As a man with a Christian background, Harrington (1928-1989) was familiar with the Nicene Creed, which refers to God as maker of all that is, seen and unseen. "The Other America" is devoted to making the poor visible to the rest of their countrymen. Harrington believed 40 million or more Americans lived in poverty, 20 percent or more of the population.
"If my interpretation is bleak and grim," Harrington wrote, "and even if it overstates the case slightly, that is intentional. My moral point is a sense of outrage. ..." Harrington was inflamed by the existence of poverty amid post-war abundance -- and by the willful indifference of his fellow Americans. Although he didn't call out Stanford history professor David Potter by name, it's obvious Potter's influential history of the United States, "People of Plenty," made his blood boil.

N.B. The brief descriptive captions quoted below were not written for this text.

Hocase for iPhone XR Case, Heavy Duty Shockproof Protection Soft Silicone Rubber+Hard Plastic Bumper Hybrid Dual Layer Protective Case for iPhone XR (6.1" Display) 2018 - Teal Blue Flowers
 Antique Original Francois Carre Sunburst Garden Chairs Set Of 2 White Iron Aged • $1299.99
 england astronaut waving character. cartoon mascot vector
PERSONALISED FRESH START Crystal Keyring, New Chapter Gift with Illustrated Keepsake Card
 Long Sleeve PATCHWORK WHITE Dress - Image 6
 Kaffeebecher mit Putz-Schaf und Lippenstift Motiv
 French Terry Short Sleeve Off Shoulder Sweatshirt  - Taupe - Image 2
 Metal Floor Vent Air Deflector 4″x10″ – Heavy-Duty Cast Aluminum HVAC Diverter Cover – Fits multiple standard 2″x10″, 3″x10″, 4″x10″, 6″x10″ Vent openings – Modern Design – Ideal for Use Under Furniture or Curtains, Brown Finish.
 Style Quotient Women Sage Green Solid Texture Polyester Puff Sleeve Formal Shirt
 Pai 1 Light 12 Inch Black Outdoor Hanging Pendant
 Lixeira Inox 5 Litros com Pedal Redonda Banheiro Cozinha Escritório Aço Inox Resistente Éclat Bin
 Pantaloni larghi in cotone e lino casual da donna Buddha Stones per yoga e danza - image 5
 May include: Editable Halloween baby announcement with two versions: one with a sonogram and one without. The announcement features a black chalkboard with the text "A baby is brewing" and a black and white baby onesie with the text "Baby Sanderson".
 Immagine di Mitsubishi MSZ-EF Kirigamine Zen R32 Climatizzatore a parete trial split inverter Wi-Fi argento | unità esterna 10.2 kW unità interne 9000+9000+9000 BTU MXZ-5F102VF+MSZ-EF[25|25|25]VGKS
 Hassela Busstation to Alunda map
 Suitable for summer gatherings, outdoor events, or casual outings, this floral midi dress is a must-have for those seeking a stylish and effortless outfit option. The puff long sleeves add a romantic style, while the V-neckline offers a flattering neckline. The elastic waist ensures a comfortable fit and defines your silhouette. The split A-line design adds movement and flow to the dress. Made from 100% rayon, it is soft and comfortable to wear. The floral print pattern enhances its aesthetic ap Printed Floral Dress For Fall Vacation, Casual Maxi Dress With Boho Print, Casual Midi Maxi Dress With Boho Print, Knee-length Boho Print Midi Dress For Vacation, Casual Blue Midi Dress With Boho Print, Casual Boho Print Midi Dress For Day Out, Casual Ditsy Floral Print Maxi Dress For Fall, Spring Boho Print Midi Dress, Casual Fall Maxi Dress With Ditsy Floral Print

And so Harrington introduced his fellow Americans to their neighbors, the poor, taking readers through the lives of migrant field hands in California, ghetto dwellers in New York, Chicago and Detroit, farmers in the South, and the elderly poor and poor children from coast to coast. He also invited readers to take a walk down the Bowery, which, he said, for all its squalor was a rough democracy -- the alcoholic poor came from all walks of life.
Harrington provoked so much debate that "The Other America" became a synonym for the poor as Presidents John Kennedy and Lyndon Johnson and the Congress developed health, education and welfare policies that diminished poverty for many Americans.
Harrington, unlike presidents and Congressmen, was never elected to anything.
It's not quite right to say Harrington believed the poor cannot escape poverty without help from the government. Individuals could, he recognized, but when the roster of the poor is tens of millions of names long only government intervention can reduce their numbers. Conservative America has rejected this proposition since the first copy of "The Other America" rolled off the press. The individual must do it and do it on his own, conservatives insist, as if the national anthem is Jimmy Cliff's "You Can Get It If You Really Want."
"We are the 99 percent" is a slogan, and a slogan is never going to have the influence of a book. But today Americans understand something is deeply wrong with their country, and in their search for solutions, they will no doubt turn to history. Harrington is as firmly a part of their history as John D. Rockefeller, J.P. Morgan and the other great one-percenters of yesteryear. His solutions of 50 years ago are not our solutions but his voice -- the voice of outrage at injustice -- is a voice being heard once more.